The expression UN(B(UP)(CG)) may look “unfamiliar” when compared to formulas of FOL, but notation—to a large extent—is a matter of convention. It may be interesting to note that the first U is followed by its two arguments, however, the second U is not. B(UP) is a subexpression, but UP(CG) is not a subexpressions of UN(B(UP)(CG)). Furthermore, the whole expression can be transformed into XNPG using combinators, where X is composed of Us and combinators only. Such an X encodes the logical content of the formula with the predicates being arguments.[5]

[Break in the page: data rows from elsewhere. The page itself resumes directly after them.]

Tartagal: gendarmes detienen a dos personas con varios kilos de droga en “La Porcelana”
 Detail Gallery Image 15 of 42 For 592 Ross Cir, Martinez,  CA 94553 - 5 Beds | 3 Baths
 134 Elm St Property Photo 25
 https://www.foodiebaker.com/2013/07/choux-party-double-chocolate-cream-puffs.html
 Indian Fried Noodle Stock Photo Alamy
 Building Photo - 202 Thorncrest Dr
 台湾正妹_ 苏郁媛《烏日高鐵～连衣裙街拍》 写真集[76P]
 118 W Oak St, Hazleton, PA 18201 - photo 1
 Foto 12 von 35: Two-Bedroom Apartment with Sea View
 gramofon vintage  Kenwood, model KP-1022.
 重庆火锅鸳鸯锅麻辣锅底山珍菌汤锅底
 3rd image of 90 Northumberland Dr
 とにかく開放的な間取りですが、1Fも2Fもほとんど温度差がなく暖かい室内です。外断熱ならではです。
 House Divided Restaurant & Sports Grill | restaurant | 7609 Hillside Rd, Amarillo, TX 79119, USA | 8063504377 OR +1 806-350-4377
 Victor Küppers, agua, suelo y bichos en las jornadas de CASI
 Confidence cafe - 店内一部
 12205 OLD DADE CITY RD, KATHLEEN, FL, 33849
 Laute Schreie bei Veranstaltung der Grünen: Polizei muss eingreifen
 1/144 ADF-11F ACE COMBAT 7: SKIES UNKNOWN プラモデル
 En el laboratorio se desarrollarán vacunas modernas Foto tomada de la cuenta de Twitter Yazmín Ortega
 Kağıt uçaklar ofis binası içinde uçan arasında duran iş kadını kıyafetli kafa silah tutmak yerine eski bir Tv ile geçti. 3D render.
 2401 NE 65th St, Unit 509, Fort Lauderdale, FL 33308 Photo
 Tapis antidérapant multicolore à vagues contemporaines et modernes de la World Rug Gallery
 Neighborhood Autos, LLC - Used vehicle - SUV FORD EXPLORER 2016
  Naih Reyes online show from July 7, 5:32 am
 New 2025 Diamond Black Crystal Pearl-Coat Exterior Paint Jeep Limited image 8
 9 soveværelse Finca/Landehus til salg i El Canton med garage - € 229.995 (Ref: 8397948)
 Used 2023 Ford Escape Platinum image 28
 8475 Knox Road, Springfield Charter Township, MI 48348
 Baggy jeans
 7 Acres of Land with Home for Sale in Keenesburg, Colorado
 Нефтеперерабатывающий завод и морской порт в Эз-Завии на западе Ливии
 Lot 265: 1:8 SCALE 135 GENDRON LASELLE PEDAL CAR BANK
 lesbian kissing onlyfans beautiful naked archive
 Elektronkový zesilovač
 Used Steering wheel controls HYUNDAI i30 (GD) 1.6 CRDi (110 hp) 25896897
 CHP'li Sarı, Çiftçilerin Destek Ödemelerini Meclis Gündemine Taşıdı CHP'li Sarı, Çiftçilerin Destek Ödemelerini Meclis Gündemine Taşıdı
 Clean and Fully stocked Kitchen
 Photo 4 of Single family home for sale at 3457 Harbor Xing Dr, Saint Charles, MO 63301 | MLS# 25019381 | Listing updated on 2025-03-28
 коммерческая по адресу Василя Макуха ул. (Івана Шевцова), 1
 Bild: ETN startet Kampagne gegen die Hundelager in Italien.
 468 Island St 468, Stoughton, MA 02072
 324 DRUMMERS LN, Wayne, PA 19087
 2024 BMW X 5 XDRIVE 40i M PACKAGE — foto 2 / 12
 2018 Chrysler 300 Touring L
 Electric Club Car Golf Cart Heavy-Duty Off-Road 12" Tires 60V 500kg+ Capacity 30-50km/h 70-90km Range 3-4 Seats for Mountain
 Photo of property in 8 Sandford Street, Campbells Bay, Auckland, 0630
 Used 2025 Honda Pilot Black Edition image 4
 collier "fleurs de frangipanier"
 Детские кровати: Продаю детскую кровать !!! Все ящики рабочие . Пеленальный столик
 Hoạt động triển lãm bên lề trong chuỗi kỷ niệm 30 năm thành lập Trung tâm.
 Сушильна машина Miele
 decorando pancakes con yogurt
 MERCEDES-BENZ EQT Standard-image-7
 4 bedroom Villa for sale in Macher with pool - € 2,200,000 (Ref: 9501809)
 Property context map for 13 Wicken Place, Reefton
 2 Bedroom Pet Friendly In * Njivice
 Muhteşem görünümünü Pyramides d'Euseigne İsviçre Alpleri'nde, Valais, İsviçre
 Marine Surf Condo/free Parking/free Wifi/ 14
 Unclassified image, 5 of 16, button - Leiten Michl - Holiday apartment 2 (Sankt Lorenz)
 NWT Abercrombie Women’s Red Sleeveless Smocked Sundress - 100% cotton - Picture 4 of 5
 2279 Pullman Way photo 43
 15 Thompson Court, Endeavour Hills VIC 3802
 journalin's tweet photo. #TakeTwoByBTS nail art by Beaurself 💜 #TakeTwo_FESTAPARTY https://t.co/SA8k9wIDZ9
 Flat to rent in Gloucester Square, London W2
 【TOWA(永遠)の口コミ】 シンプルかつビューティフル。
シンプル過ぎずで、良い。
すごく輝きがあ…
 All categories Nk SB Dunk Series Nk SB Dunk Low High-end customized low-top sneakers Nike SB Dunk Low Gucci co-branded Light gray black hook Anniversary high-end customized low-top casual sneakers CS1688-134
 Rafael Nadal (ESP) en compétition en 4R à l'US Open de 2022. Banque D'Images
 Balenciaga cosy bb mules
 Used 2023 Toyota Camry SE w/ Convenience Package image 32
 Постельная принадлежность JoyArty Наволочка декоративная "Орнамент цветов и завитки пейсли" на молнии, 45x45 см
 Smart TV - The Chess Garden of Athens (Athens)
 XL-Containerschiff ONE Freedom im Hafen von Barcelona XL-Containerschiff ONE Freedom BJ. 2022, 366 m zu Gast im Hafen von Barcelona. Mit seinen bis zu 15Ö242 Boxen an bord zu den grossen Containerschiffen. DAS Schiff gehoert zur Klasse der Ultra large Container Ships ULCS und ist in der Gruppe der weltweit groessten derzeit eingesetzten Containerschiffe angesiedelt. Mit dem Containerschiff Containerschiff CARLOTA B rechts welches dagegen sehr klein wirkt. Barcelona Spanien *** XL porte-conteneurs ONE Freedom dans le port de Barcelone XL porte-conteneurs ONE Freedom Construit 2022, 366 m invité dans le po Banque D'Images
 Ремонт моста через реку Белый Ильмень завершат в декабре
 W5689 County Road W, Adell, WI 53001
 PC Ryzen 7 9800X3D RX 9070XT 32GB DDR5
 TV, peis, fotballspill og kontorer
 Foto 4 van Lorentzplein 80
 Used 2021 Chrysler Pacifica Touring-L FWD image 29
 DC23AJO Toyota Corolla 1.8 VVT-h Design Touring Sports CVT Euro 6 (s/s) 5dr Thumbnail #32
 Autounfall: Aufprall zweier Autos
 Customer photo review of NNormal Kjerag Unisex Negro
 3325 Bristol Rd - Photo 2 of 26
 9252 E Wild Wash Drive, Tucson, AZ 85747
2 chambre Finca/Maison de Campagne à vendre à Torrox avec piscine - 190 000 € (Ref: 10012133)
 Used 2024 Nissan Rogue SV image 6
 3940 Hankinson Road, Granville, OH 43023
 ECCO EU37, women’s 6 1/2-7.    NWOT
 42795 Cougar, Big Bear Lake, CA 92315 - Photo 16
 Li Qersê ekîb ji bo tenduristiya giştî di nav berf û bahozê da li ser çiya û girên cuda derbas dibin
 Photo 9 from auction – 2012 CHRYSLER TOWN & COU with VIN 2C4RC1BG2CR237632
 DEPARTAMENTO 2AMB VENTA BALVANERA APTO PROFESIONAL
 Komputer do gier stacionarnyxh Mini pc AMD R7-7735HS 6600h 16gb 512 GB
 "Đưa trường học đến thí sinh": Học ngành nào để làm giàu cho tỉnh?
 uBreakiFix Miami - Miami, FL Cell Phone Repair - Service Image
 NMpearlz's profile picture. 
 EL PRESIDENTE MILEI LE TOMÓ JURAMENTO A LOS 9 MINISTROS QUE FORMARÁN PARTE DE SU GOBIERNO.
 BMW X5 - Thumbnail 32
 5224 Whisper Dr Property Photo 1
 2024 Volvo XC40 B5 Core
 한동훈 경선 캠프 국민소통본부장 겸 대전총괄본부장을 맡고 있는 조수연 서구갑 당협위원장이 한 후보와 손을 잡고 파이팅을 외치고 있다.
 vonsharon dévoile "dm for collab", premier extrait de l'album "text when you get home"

The expressions obtained via the transformations outlined above quickly become lengthy—as trying to rewrite a simple FOL sentence such as ∃x(Px ∧ Qx) can show.[6] However, this does not diminish the importance of Schönfinkel's theoretical results. A slight increase (if any) in the length of the expressions is not even an inconvenience, let alone an impediment in the era of computers with petabytes of memory.

It seems that Schönfinkel's reduction procedure for FOL is not widely known. As a measure of how widely Sheffer's and Schönfinkel's reductions are known, we appeal to the fact that the first is part of standard intro courses in logic, whereas the second is not. Undoubtedly, one of the reasons for this is that Schönfinkel's process to eliminate bound variables is conceptually more opulent than defining a few truth functions from  ∣  (or ↓). Another reason may be that Schönfinkel, perhaps, did not place a sufficiently strong emphasis on the intermediate step that allows the elimination of all other logical connectives and quantifiers via “nextand.” We may also note that although “nextand” is an operator in the standard logical sense, it is binary—unlike ∀ and ∃, which are singulary.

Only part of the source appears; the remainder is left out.